For a second Ymir is pretty sure that Krista is going to punch her again. But before she can, the loudest set of hoofbeats comes to an abrupt stop a meter away. Krista looks up at the horse. Ymir raises her head up enough for her eyes to catch its brethren chasing after Reiner.

The terrain's utterly flat.

Even if she manages to transform, there's no chance of beating the Survey Corps' pace. She'd give knocking Krista unconscious and hijacking the horse better odds.

"I don't know about Reiner and Bertolt being my best shot," Krista says quietly, "but right now, I'm your only one."

Ymir drags her eyes away from the people she can't honestly call comrades anymore. "What?"

Krista lets go of Ymir's hand—it twitches convulsively—and stands up with a wince. She grabs the horse's reins to keep from falling over. "If you side with them, nothing will keep the Survey Corps from killing you on sight." She's quiet for a moment. "That includes me."

She leads the horse closer and extends her sword until it tickles Ymir's throat. Her face has gone grey, but her hand is steady.

"I get a vote, Ymir, because I won't let you take me."

Ymir doesn't say anything. She looks down at the sword. That's easier than meeting Krista's eyes.

She doesn't mind death. She's been expecting to die all day, since the instant she jumped off that tower. And it was fine. Her life for Krista's. The closest she'll ever get to altruism. And it was fine. Everyone dies. At least her way meant that Krista would…

Lying on the ground with a sword to her throat is the first time the thought rings hollow.

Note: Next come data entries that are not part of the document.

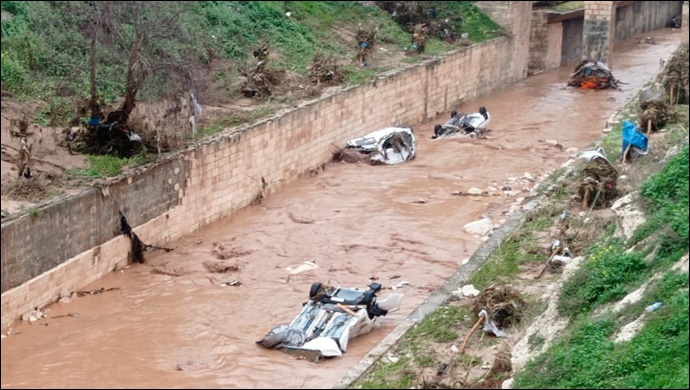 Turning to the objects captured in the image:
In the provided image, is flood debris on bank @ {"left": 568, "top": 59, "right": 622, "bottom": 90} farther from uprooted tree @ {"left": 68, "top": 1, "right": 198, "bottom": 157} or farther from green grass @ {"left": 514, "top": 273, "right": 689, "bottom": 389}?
green grass @ {"left": 514, "top": 273, "right": 689, "bottom": 389}

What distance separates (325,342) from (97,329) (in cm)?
312

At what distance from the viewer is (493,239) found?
16203mm

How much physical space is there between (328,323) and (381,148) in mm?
10090

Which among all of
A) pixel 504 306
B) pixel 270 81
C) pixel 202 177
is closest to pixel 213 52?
pixel 270 81

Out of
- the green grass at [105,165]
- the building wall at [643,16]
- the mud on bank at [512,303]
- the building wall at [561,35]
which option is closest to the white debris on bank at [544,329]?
the mud on bank at [512,303]

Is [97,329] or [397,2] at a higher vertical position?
[397,2]

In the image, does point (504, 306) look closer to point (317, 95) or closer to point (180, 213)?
point (180, 213)

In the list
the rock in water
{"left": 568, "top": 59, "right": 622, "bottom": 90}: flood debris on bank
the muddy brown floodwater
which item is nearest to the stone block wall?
{"left": 568, "top": 59, "right": 622, "bottom": 90}: flood debris on bank

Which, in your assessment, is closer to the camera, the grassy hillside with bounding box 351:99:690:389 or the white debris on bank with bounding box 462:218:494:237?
the grassy hillside with bounding box 351:99:690:389

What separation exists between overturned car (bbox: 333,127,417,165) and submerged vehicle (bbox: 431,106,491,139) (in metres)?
2.21

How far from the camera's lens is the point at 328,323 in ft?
44.6

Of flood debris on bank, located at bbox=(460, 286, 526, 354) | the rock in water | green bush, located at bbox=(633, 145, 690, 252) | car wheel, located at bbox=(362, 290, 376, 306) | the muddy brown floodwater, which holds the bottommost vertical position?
the muddy brown floodwater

She isn't like Krista. She can believe that doing anything possible to keep Krista alive is a good thing. She can believe, because even if there's nothing close to a smile on Krista's face right now, she was happy just seeing Ymir alive. Her smile lit up the forest. There are good people in the world, worth dying for.

Ymir's not one of them.

Her eyes go back to Krista's frosty blue ones.

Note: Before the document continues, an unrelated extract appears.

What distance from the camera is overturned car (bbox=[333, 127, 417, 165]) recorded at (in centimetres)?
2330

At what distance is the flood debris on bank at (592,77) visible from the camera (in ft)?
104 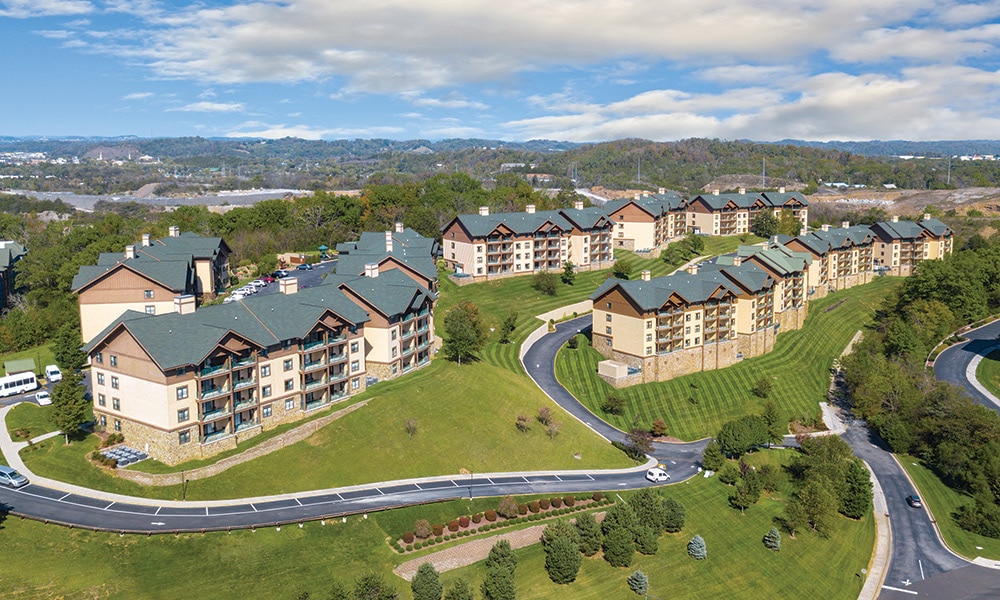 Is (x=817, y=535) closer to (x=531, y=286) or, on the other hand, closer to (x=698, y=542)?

She won't stand being alive with Historia looking at her like that.

What a waste of a day.

She lifts her half-repaired hand to curl around Krista's. The sword dips a few centimeters.

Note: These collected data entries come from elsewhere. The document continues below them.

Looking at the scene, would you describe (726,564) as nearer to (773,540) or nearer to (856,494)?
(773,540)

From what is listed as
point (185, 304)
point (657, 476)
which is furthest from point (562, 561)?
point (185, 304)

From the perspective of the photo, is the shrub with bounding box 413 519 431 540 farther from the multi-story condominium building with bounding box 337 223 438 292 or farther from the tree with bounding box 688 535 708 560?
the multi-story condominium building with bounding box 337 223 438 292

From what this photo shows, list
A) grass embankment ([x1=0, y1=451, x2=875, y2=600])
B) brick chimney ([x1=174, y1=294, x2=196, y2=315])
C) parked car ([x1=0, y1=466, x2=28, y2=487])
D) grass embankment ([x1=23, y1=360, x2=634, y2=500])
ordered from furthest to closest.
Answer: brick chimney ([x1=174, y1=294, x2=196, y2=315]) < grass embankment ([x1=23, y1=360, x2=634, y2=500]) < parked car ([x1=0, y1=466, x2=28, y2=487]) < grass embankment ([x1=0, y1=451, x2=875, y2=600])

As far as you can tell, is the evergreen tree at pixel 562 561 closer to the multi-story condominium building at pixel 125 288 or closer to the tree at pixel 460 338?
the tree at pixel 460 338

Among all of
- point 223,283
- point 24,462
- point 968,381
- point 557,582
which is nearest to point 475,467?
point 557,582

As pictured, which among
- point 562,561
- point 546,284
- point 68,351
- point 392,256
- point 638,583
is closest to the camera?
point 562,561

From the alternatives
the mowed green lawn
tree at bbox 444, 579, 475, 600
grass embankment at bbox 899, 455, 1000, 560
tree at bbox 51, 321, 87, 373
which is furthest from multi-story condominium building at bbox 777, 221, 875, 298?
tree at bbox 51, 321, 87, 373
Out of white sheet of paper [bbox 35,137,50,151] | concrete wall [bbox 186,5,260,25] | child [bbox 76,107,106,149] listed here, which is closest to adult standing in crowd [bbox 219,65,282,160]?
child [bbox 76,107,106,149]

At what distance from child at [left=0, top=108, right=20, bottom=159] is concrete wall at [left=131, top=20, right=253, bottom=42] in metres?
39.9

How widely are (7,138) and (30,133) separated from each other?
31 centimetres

"You going to help me up," she asks, "or are we just going to sit here until a Titan comes around?"

Krista looks at her. Ymir tilts her head as much as she can and affects a disinterested expression, watching the flurries of emotion running across her face. Slowly, the blade is pulled away and slipped silently back into its compartment. Krista kneels down next to her and pulls her upright as carefully as she can with one arm. Ymir's skull twinges painfully, but the rest of her stays in one piece.

Standing straight, or close to it, Ymir can still see the Armored Titan off in the distance. She blinks, and Krista's best shot—enemies of mankind—disappears from sight.

Next to her, Krista's arm tightens around her waist. Her soft blonde head presses against Ymir's side.

Then, very quietly, "I'm glad you're okay."